▸ Work to complete
Reproduce the entries below exactly, but only from the line containing "Статуэтка &quot;Дама&quot;" to the line containing "Used 2025 Nissan", inclusive.

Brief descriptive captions
Segment Open

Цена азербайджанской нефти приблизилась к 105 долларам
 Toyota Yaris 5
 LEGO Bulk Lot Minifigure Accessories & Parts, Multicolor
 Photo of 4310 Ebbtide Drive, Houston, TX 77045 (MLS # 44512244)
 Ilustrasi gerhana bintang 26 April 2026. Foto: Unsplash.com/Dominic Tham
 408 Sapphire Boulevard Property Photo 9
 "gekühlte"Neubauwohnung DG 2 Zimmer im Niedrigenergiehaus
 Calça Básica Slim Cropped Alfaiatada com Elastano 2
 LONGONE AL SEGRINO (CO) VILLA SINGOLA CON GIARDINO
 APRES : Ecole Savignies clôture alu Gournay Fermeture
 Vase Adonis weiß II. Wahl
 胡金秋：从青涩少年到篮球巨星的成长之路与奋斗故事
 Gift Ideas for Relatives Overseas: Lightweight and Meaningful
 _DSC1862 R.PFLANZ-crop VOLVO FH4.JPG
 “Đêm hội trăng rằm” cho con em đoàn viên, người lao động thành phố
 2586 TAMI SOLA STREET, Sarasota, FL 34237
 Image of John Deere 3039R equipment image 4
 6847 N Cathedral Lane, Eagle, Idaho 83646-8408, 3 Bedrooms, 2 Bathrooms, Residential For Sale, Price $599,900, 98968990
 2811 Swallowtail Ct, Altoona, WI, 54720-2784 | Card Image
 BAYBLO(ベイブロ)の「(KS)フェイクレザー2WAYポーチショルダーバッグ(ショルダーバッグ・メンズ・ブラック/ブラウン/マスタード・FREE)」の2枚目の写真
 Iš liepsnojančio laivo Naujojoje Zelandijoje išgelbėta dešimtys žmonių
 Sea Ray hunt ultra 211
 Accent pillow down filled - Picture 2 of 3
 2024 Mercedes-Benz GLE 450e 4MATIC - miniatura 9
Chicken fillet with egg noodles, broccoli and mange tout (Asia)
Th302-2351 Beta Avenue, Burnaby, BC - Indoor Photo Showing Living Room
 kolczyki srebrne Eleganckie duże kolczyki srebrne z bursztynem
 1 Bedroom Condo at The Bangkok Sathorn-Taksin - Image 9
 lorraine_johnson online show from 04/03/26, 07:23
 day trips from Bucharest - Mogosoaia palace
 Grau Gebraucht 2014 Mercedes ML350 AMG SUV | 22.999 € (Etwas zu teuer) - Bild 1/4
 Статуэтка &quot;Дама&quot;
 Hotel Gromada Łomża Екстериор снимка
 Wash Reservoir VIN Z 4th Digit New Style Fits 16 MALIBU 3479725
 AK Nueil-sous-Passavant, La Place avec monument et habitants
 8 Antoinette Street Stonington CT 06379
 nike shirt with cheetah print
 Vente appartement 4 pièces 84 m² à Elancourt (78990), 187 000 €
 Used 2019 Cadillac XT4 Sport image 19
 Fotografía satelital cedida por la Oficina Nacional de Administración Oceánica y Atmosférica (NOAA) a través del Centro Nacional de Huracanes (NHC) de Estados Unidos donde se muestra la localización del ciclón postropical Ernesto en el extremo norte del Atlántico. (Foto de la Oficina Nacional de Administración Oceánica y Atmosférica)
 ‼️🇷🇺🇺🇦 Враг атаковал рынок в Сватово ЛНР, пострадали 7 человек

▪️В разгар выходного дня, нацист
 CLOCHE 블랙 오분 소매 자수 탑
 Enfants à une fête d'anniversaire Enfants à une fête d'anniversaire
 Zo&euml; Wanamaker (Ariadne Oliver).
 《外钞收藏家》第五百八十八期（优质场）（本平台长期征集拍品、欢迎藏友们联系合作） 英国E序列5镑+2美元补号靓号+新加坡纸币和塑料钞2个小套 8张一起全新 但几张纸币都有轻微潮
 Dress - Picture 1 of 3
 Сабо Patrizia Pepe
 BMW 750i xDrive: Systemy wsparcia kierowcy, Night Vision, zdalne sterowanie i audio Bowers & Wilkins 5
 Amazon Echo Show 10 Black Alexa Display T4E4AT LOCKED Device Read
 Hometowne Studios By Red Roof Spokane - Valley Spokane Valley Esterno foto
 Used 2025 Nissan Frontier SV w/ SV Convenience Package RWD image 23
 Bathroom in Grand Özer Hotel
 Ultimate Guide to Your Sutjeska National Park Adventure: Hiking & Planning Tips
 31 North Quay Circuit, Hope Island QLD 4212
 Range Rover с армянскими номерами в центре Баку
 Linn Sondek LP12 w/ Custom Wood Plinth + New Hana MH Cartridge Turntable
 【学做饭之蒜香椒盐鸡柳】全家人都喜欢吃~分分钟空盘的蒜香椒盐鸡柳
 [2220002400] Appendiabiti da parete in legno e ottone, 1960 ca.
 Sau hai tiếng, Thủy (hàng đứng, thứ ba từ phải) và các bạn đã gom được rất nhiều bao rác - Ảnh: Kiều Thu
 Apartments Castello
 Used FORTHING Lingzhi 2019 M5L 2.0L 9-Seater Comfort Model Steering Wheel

Segment Closed

▸ Written response
 Статуэтка &quot;Дама&quot;
 Hotel Gromada Łomża Екстериор снимка
 Wash Reservoir VIN Z 4th Digit New Style Fits 16 MALIBU 3479725
 AK Nueil-sous-Passavant, La Place avec monument et habitants
 8 Antoinette Street Stonington CT 06379
 nike shirt with cheetah print
 Vente appartement 4 pièces 84 m² à Elancourt (78990), 187 000 €
 Used 2019 Cadillac XT4 Sport image 19
 Fotografía satelital cedida por la Oficina Nacional de Administración Oceánica y Atmosférica (NOAA) a través del Centro Nacional de Huracanes (NHC) de Estados Unidos donde se muestra la localización del ciclón postropical Ernesto en el extremo norte del Atlántico. (Foto de la Oficina Nacional de Administración Oceánica y Atmosférica)
 ‼️🇷🇺🇺🇦 Враг атаковал рынок в Сватово ЛНР, пострадали 7 человек

▪️В разгар выходного дня, нацист
 CLOCHE 블랙 오분 소매 자수 탑
 Enfants à une fête d'anniversaire Enfants à une fête d'anniversaire
 Zo&euml; Wanamaker (Ariadne Oliver).
 《外钞收藏家》第五百八十八期（优质场）（本平台长期征集拍品、欢迎藏友们联系合作） 英国E序列5镑+2美元补号靓号+新加坡纸币和塑料钞2个小套 8张一起全新 但几张纸币都有轻微潮
 Dress - Picture 1 of 3
 Сабо Patrizia Pepe
 BMW 750i xDrive: Systemy wsparcia kierowcy, Night Vision, zdalne sterowanie i audio Bowers & Wilkins 5
 Amazon Echo Show 10 Black Alexa Display T4E4AT LOCKED Device Read
 Hometowne Studios By Red Roof Spokane - Valley Spokane Valley Esterno foto
 Used 2025 Nissan Frontier SV w/ SV Convenience Package RWD image 23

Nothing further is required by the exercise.